Provém da Companhia Estadual de Silos e Armazéns – CESA
este processo administrativo.
Vê-se que o Ministério Público do Trabalho apresentou minuta de Termo de Compromisso de Ajustamento de Conduta – TAC, derivado da Peça de Informação n. 104/04, mediante o qual a CESA comprometer-se-ia às condições nele elencadas, todas relativas à inviabilização de celebração de contratos de prestação de serviços sob a forma terceirizada. O descumprimento do pacto sujeitaria a CESA ao pagamento de multa nos valores fixados no termo.
A CESA manifesta-se no sentido de considerar inviável o comprometimento proposto. Diz, verbis:
“Ademais, tramita perante a PGE um processo administrativo no qual a CESA solicita a abertura de concurso público, precedido da contratação emergencial de servidores, pois se impõe como única solução constitucional e de boa gestão para a continuidade da CESA. Por esses e outros motivos é que se torna inviável à CESA comprometer-se a não contratar mão-de-obra terceirizada, sob pena de inviabilidade na continuação da prestação do serviço público.”
Nesta Casa, o feito esteve sob a consideração do Órgão que concentra a coordenação das assessorias jurídicas da Administração Direta e Indireta e me foi dado ao exame.
É o relatório
A Lei Complementar n. 75, de 20 de maio de 1993, que dispõe sobre a organização, as atribuições e o estatuto do Ministério Público da União, atribui ao Ministério Público do Trabalho a competência – dentre outras lhe especificamente atribuídas e que não dizem respeito diretamente ao caso sob exame – de promover a ação civil pública no âmbito da Justiça do Trabalho, para defesa de interesses coletivos, quando desrespeitados os direitos sociais
constitucionalmente garantidos (art. 83, III), incumbindo-lhe, no âmbito das suas atribuições, exercer funções institucionais, especialmente as de instaurar inquérito civil e outros procedimentos administrativos, sempre que cabíveis, para assegurar a observância dos direitos sociais dos trabalhadores (art. 84, II).

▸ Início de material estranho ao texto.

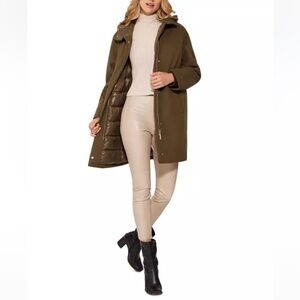 Norwegian Wool Cashmere Wool Hooded Down Parka, No Belt, Size M NWT $1,695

Para que se perfaça a atuação de controle do Ministério Público do Trabalho, pois, há que estarem presentes ao menos duas premissas, não necessariamente concomitantes: a) deve ocorrer o desrespeito a direitos sociais constitucionalmente garantidos aos trabalhadores e, b) há que restarem inobservados direitos sociais de trabalhadores.
Como lógica decorrência, então, a presença do Ministério Público se dá frente a irregularidade percebida ou detectada pelo agente do parquet trabalhista, de desrespeito ou inobservância de prerrogativas sociais dos trabalhadores, cabendo-lhe instaurar o procedimento investigatório da ilegalidade constatada, do qual poderão decorrer a proposta de celebração de Termo de Compromisso de Ajustamento de Conduta com o indicado infrator ou o ajuizamento de Ação Civil Pública.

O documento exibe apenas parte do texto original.